## WORK TO BE COMPLETED
Using the entries below, write out the line with "Big tires best cycle", the line with "Sightmark sm26006 mini", and every line in between, exactly as each is written.

## PROVIDED ENTRIES
━━━━━━━━━━━━━━━━━━━━━━━━━━━━━━

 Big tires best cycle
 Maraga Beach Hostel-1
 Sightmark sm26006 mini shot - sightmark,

━━━━━━━━━━━━━━━━━━━━━━━━━━━━━━

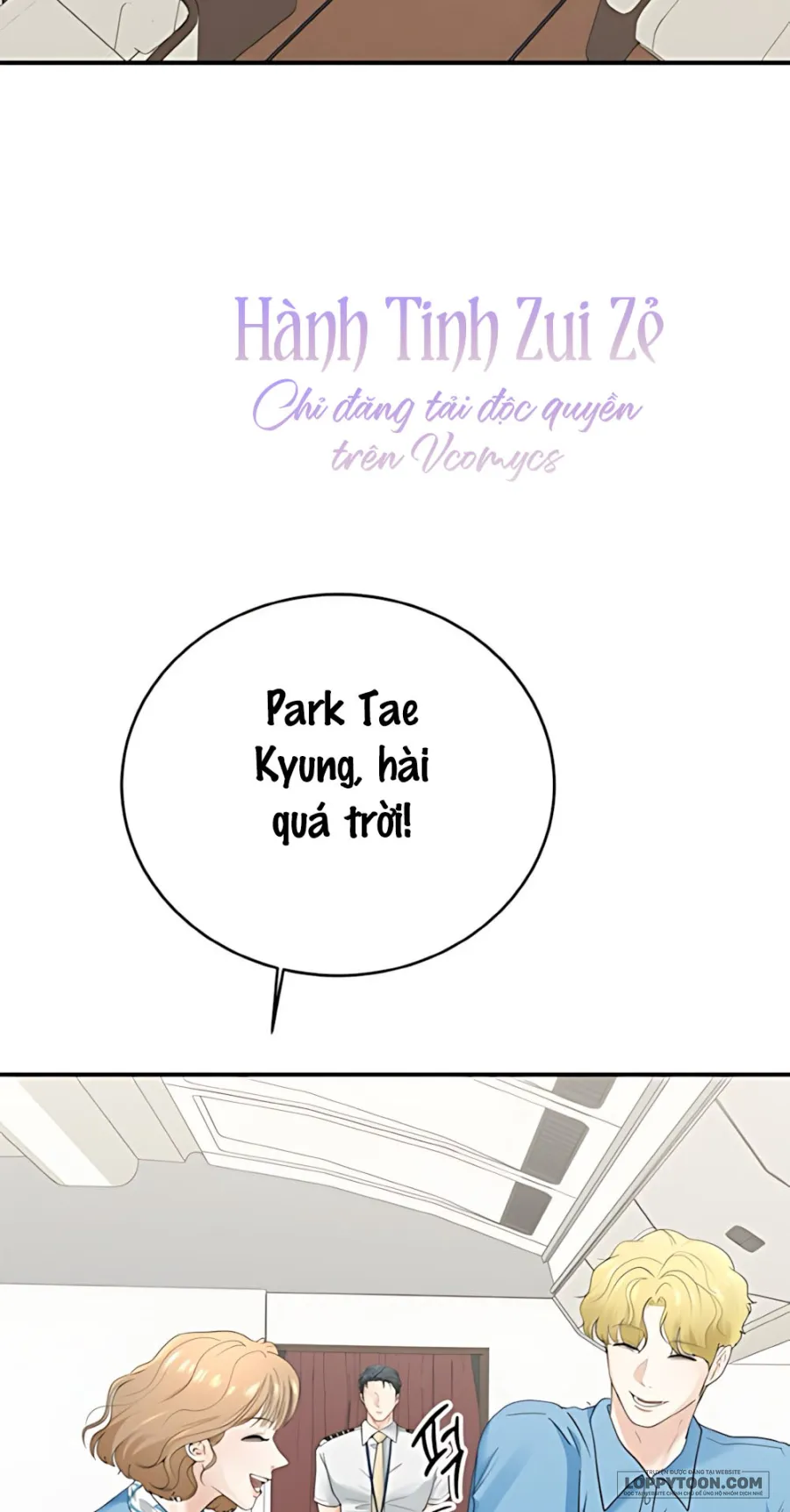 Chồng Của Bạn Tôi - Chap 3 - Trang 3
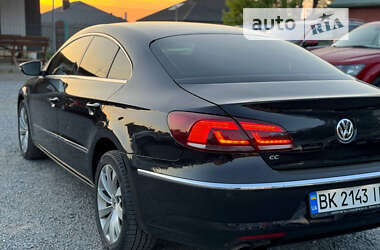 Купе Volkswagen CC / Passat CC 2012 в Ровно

━━━━━━━━━━━━━━━━━━━━━━━━━━━━━━

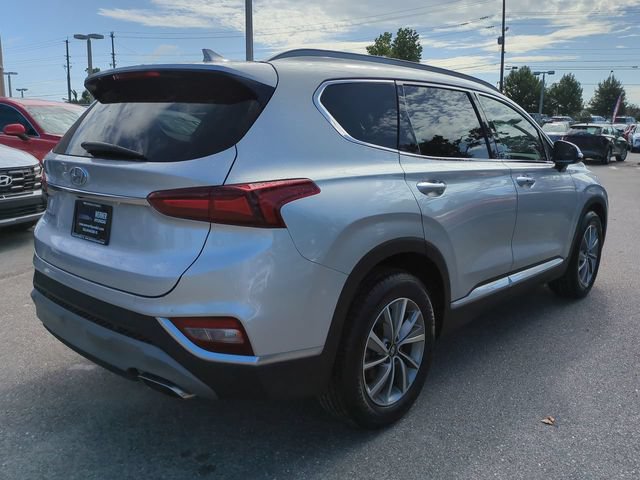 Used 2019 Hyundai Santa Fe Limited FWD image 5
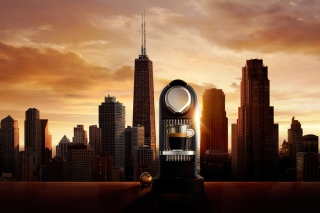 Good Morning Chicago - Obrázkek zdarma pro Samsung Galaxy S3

━━━━━━━━━━━━━━━━━━━━━━━━━━━━━━

## COMPLETED TASK
 Big tires best cycle
 Maraga Beach Hostel-1
 Sightmark sm26006 mini shot - sightmark,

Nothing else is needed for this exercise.